The Levenberg–Marquardt method (LM) is one of the most well-known iterative methods for nonlinear equations [5, 6, 15]. At the k-th iteration, it computes the trial step

$$\begin{aligned} d_k=-(J^T_kJ_k+\lambda _kI)^{-1}J_k^TF_k, \end{aligned}$$

(1.2)

where $F_k=F(x_k), J_k=J(x_k)$ is the Jacobian at $x_k$, and $\lambda _k$ is the LM parameter introduced to overcome the difficulties caused by the singularity or near singularity of $J_k$.

Let

$$\begin{aligned} \min \limits _{x\in R^n}~~\phi (x):=\Vert F(x)\Vert ^2 \end{aligned}$$

(1.3)

be the merit function of (1.1).
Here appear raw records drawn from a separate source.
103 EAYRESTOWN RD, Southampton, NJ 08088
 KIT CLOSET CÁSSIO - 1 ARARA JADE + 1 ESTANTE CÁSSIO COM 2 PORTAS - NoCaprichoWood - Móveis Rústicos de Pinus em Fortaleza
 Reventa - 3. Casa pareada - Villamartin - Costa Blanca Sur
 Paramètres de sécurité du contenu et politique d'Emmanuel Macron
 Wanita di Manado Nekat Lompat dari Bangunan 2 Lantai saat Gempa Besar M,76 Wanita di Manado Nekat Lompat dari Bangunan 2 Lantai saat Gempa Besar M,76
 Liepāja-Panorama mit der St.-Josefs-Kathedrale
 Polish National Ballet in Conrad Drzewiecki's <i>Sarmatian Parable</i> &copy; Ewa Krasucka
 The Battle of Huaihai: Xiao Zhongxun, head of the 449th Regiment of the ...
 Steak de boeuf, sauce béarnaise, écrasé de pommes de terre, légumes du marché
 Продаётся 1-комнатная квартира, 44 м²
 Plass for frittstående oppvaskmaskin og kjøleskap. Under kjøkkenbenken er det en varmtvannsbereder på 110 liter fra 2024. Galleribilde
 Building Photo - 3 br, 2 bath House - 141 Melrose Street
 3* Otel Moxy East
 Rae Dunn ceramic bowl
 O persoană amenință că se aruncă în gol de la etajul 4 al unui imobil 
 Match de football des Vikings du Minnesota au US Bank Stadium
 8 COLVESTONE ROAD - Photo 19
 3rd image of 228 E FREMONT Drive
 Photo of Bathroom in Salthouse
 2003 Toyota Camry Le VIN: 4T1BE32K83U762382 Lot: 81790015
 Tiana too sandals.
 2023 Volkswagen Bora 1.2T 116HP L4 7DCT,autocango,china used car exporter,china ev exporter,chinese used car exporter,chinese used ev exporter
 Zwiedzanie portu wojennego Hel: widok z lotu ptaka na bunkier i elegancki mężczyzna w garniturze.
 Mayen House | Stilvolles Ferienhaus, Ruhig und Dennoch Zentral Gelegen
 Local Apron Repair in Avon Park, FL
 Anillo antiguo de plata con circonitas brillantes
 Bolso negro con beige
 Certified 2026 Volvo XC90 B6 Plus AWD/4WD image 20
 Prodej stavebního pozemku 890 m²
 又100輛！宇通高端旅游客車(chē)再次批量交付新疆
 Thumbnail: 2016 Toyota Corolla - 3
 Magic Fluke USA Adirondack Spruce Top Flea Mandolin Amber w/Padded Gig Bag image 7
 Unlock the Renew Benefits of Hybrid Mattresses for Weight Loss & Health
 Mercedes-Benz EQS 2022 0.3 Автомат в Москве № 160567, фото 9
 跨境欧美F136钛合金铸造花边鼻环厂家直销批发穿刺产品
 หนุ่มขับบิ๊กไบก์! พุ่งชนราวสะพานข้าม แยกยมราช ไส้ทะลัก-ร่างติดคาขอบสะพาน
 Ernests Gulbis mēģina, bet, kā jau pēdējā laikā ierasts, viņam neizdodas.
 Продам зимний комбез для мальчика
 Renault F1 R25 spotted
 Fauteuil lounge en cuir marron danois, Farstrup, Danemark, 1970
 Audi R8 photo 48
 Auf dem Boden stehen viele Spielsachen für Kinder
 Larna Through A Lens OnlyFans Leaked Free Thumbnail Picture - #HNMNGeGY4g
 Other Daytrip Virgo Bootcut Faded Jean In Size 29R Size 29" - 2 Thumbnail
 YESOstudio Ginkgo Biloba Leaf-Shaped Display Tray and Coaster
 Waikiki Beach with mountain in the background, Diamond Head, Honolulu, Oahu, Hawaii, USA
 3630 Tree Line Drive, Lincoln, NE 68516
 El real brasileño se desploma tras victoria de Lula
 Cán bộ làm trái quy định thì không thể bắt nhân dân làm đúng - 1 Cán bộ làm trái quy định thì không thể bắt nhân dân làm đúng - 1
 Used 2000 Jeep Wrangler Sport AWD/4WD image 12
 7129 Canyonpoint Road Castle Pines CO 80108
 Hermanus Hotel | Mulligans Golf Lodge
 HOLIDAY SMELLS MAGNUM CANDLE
Define the actual reduction of the merit function as

$$\begin{aligned} Ared_k=\Vert F_k\Vert ^2-\Vert F(x_k+d_k)\Vert ^2, \end{aligned}$$

the predicted reduction as

$$\begin{aligned} Pred_k=\Vert F_k\Vert ^2-\Vert F_k+J_kd_k\Vert ^2, \end{aligned}$$

and the ratio of the actual reduction to the predicted reduction

$$\begin{aligned} r_k=\frac{Ared_k}{Pred_k}. \end{aligned}$$

In classical LM methods, one sets

$$\begin{aligned} x_{k+1}=\left\{ \begin{array}{ll} x_k+d_k, &{} \text{ if }\ r_k\ge p_0, \\ x_k, &{} \text{ otherwise }, \end{array} \right. \end{aligned}$$

(1.4)

where $p_0\ge 0$ is a constant, and updates the LM parameter as

$$\begin{aligned} \lambda _{k+1}=\left\{ \begin{array}{ll} c_0\lambda _k, &{} \hbox {if} \ r_k< p_1,\\ \lambda _k, &{} \hbox {if} \ r_k\in [p_1, p_2], \\ c_1\lambda _k,&{} \hbox {if}\ r_k>p_2, \end{array}\right. \end{aligned}$$

(1.5)

where $p_0<p_1<p_2<1$, $0<c_1<1<c_0$ are positive constants (cf. [7, 9, 13, 16, 17]).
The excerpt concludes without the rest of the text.